In Ecuador, a dissident fights extradition [View all]
Source: Associated Press
QUITO, Ecuador (AP) In granting asylum to WikiLeaks founder Julian Assange last week, Ecuador's foreign minister described a generous national policy of accepting political refugees. But that generosity may have its limits.
Aliaksandr Barankov, a former financial crimes investigator from Belarus, is in imminent danger of losing that status and being sent home, where he says he fears he will be killed because he has denounced corruption at the highest levels of government.

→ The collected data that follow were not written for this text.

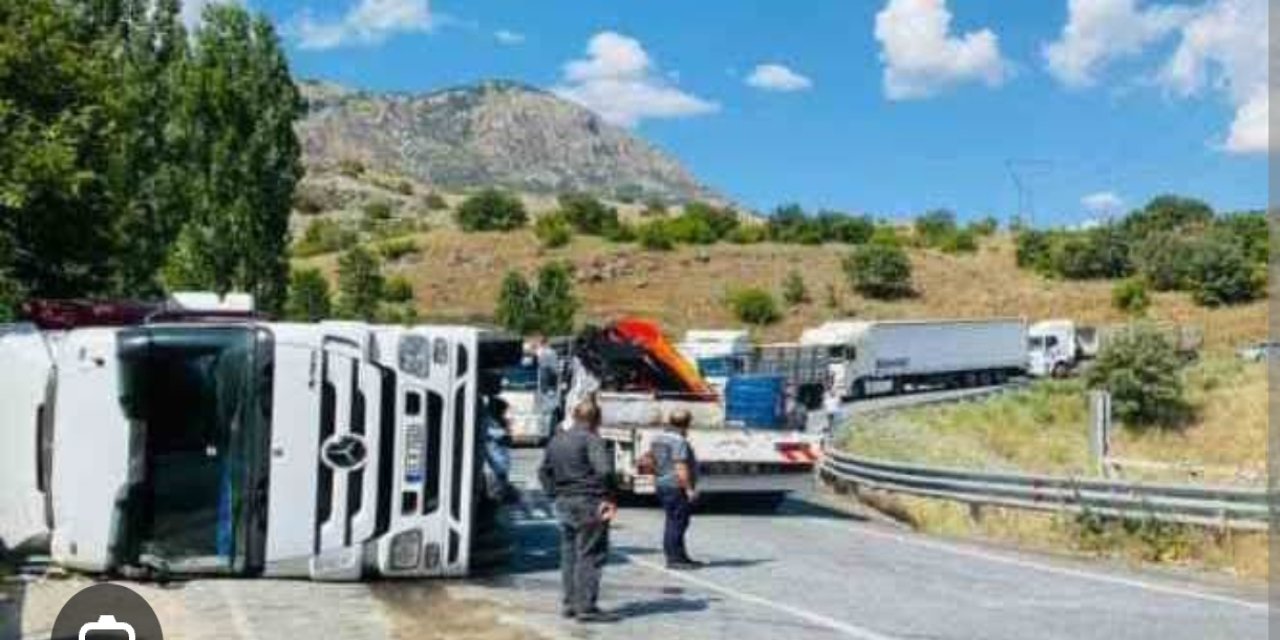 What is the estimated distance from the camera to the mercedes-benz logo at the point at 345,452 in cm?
1344

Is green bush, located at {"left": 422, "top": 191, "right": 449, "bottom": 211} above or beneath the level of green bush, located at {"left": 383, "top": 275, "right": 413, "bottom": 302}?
above

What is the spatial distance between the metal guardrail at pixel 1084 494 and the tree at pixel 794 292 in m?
67.4

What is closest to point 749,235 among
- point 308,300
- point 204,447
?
point 308,300

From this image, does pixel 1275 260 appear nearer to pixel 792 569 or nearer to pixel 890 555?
pixel 792 569

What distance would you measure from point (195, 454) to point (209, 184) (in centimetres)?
2177

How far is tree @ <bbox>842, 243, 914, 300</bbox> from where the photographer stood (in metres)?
97.4

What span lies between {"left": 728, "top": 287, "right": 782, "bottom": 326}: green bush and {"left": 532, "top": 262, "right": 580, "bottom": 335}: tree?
540 inches

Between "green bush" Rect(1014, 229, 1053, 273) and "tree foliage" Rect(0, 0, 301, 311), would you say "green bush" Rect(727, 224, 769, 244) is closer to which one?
"green bush" Rect(1014, 229, 1053, 273)

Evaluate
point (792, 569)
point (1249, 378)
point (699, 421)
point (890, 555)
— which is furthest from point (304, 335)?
point (1249, 378)

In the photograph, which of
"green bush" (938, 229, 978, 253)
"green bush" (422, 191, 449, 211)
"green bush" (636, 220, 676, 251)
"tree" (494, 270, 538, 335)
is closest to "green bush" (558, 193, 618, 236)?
"green bush" (636, 220, 676, 251)

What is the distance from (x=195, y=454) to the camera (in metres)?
13.4

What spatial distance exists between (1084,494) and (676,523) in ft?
22.9

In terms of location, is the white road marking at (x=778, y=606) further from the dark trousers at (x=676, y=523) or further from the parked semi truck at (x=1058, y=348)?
the parked semi truck at (x=1058, y=348)

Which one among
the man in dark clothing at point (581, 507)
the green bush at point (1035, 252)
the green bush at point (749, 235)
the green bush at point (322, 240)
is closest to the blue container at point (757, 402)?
the man in dark clothing at point (581, 507) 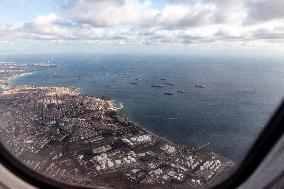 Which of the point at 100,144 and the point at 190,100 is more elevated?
the point at 100,144

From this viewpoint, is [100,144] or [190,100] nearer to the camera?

Barankov, 30, faces an Ecuadorean judge's ruling as early as Tuesday on an extradition request from Belarus, where prosecutors accuse him of fraud and extortion. Barankov contends he uncovered a petroleum-smuggling ring involving senior officials of President Alexander Lukashenko's government, including relatives of the leader.
He calls the criminal charges against him bogus, and is backed by rights activists in the former Soviet bloc nation, which Lukashenko has ruled since 1994. His government has been condemned for election fraud, represses opposition groups and independent news media, and jails dissidents. Lukashenko has kept about 80 percent of industry in state hands and earned the nickname in the West of "Europe's last dictator."
"They accuse me of fraud and corruption," Barankov said by phone from prison Friday. "It's easy to accuse (someone) of this because the police, courts and prosecutor's office are employees of the president and his family."